Supplied material =>
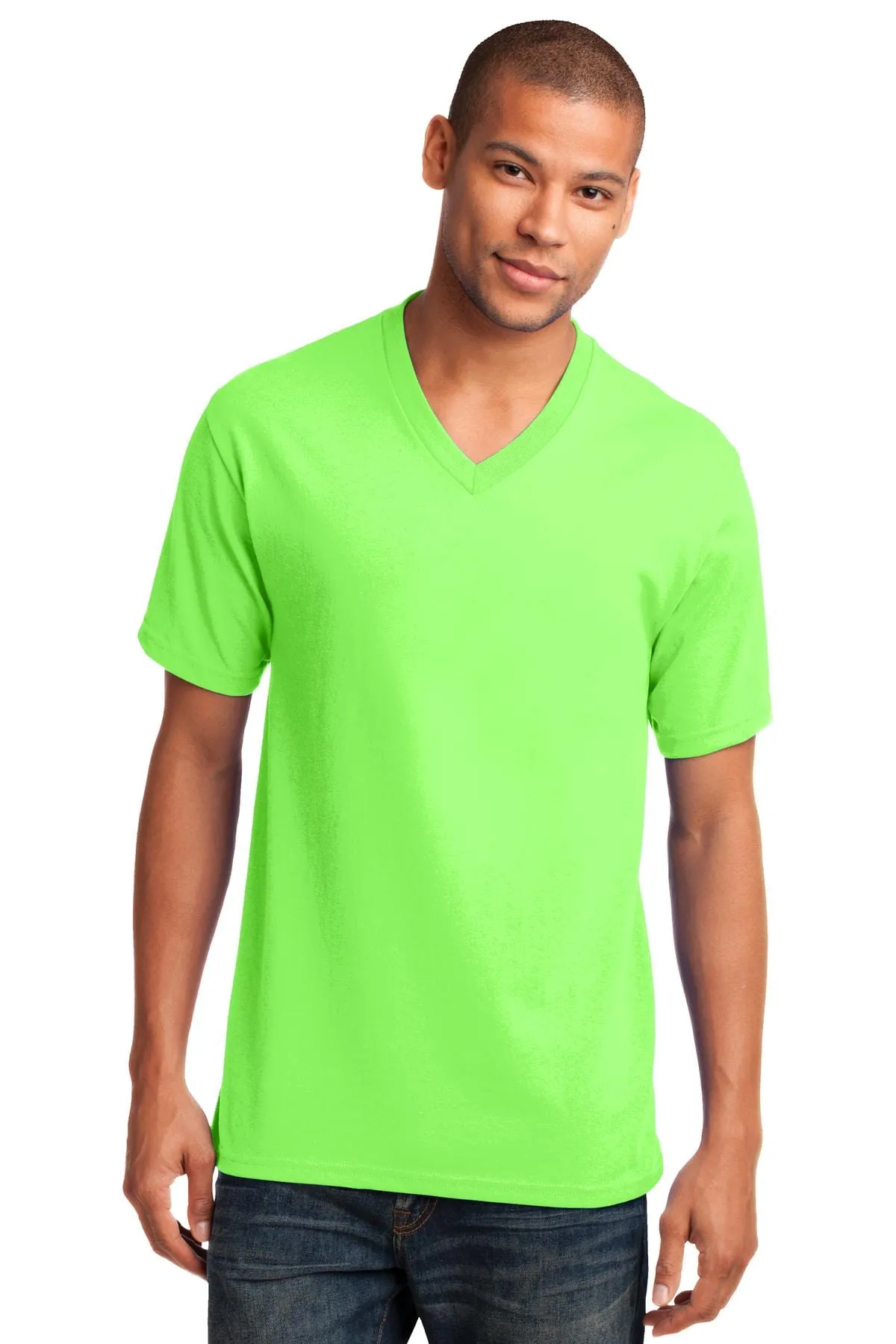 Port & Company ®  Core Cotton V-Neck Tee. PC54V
* * *
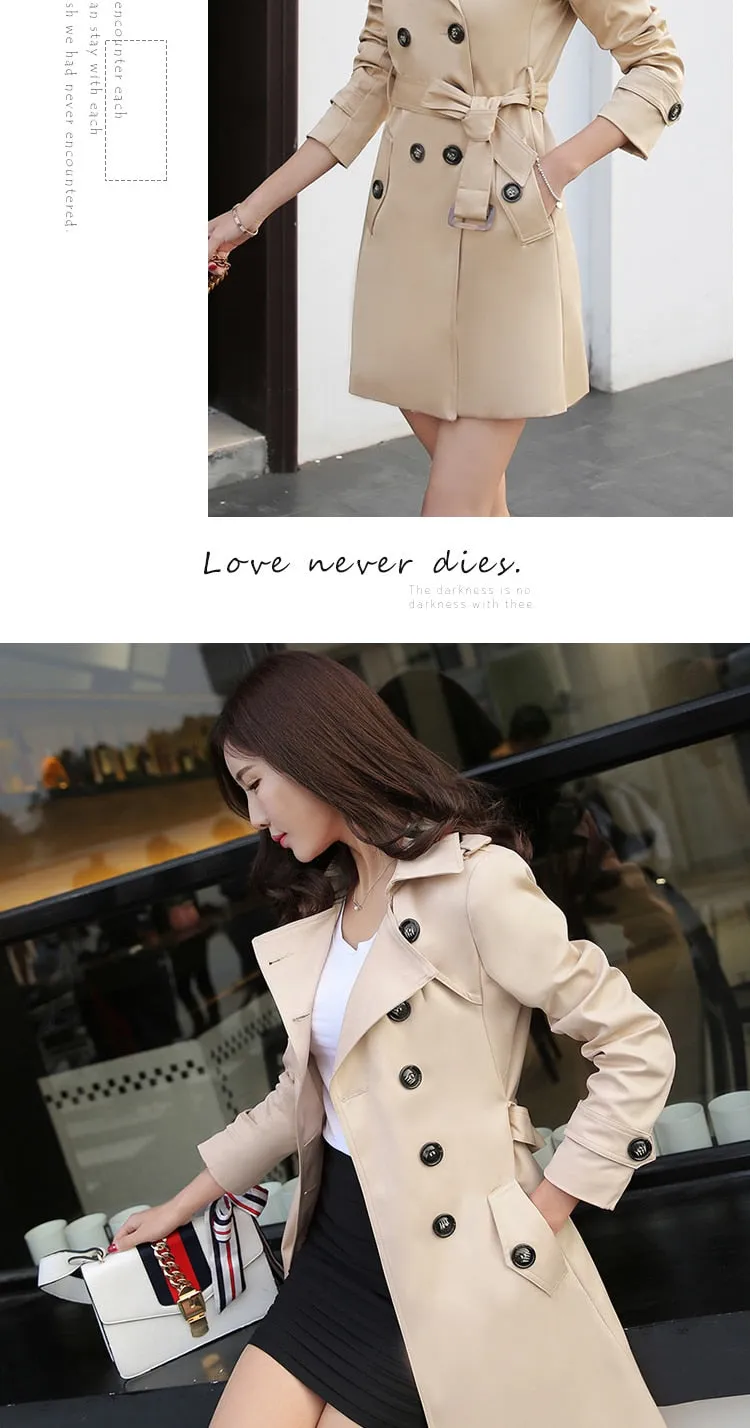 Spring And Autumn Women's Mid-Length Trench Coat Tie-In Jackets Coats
...
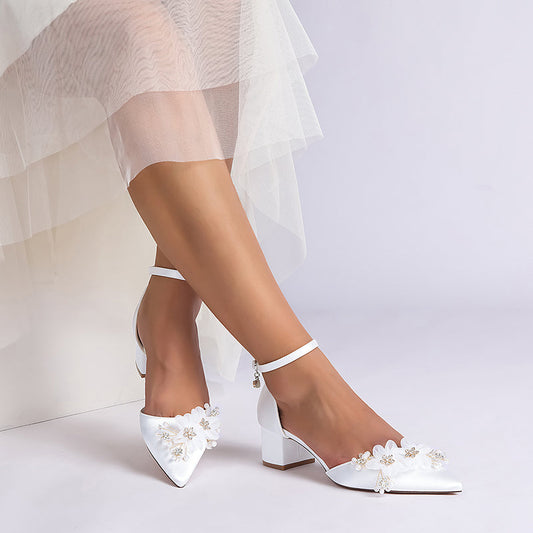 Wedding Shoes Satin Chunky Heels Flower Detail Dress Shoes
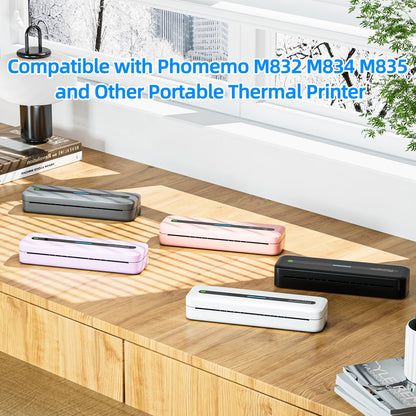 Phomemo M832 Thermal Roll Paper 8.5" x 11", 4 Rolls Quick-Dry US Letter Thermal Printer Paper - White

The problem => Look above for the line with "Wedding Shoes Satin" and the line with "Phomemo M832 Thermal". Give again exactly those two lines and all lines between them, pictures excluded.

The answer =>
 Wedding Shoes Satin Chunky Heels Flower Detail Dress Shoes
 Phomemo M832 Thermal Roll Paper 8.5" x 11", 4 Rolls Quick-Dry US Letter Thermal Printer Paper - White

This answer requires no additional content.